_Brief_.
From the material below, copy exactly the lines beginning with the one that contains "Qnhdfrt Boxspringbett 140x200" and ending with the one that contains "Patio Chair Covers"; the pictures stay out.

_Provided records_.
########

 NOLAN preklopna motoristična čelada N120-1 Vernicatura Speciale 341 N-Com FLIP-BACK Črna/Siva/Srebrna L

########

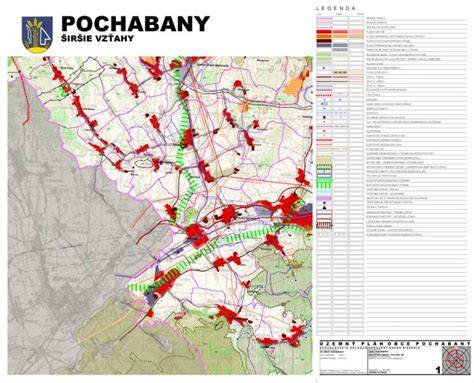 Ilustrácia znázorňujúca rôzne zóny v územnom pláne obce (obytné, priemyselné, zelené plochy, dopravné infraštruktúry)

########

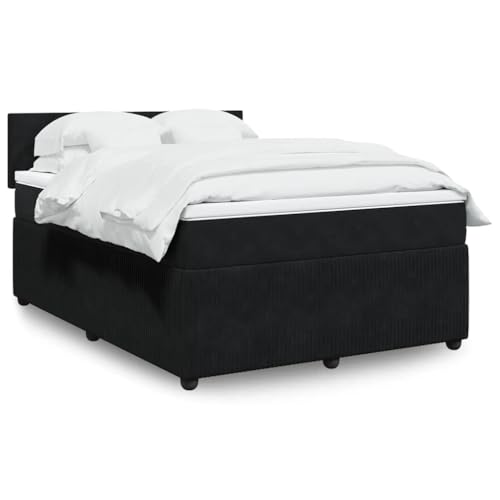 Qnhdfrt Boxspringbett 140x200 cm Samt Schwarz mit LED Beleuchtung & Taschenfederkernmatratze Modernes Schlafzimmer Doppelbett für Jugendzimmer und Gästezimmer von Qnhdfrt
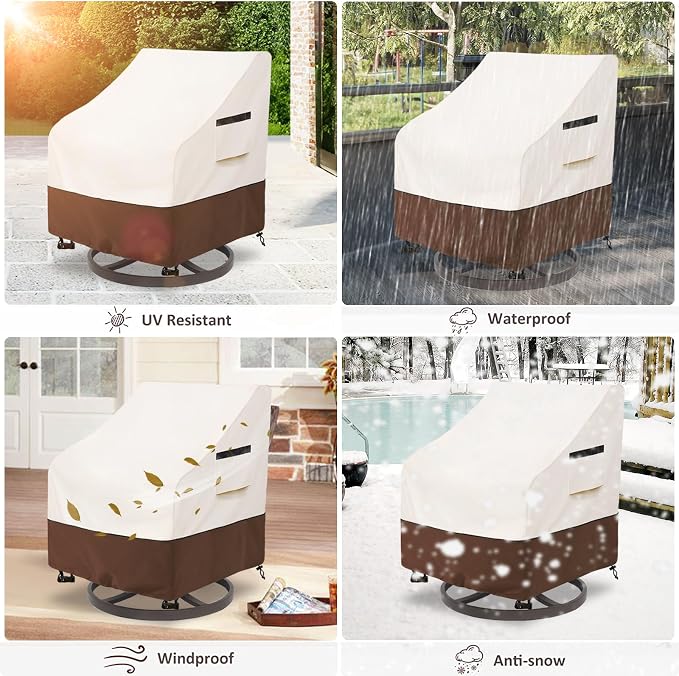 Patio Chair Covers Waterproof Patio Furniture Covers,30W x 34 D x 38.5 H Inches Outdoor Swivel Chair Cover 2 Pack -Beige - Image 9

########

_Answer to this problem_.
 Qnhdfrt Boxspringbett 140x200 cm Samt Schwarz mit LED Beleuchtung & Taschenfederkernmatratze Modernes Schlafzimmer Doppelbett für Jugendzimmer und Gästezimmer von Qnhdfrt
 Patio Chair Covers Waterproof Patio Furniture Covers,30W x 34 D x 38.5 H Inches Outdoor Swivel Chair Cover 2 Pack -Beige - Image 9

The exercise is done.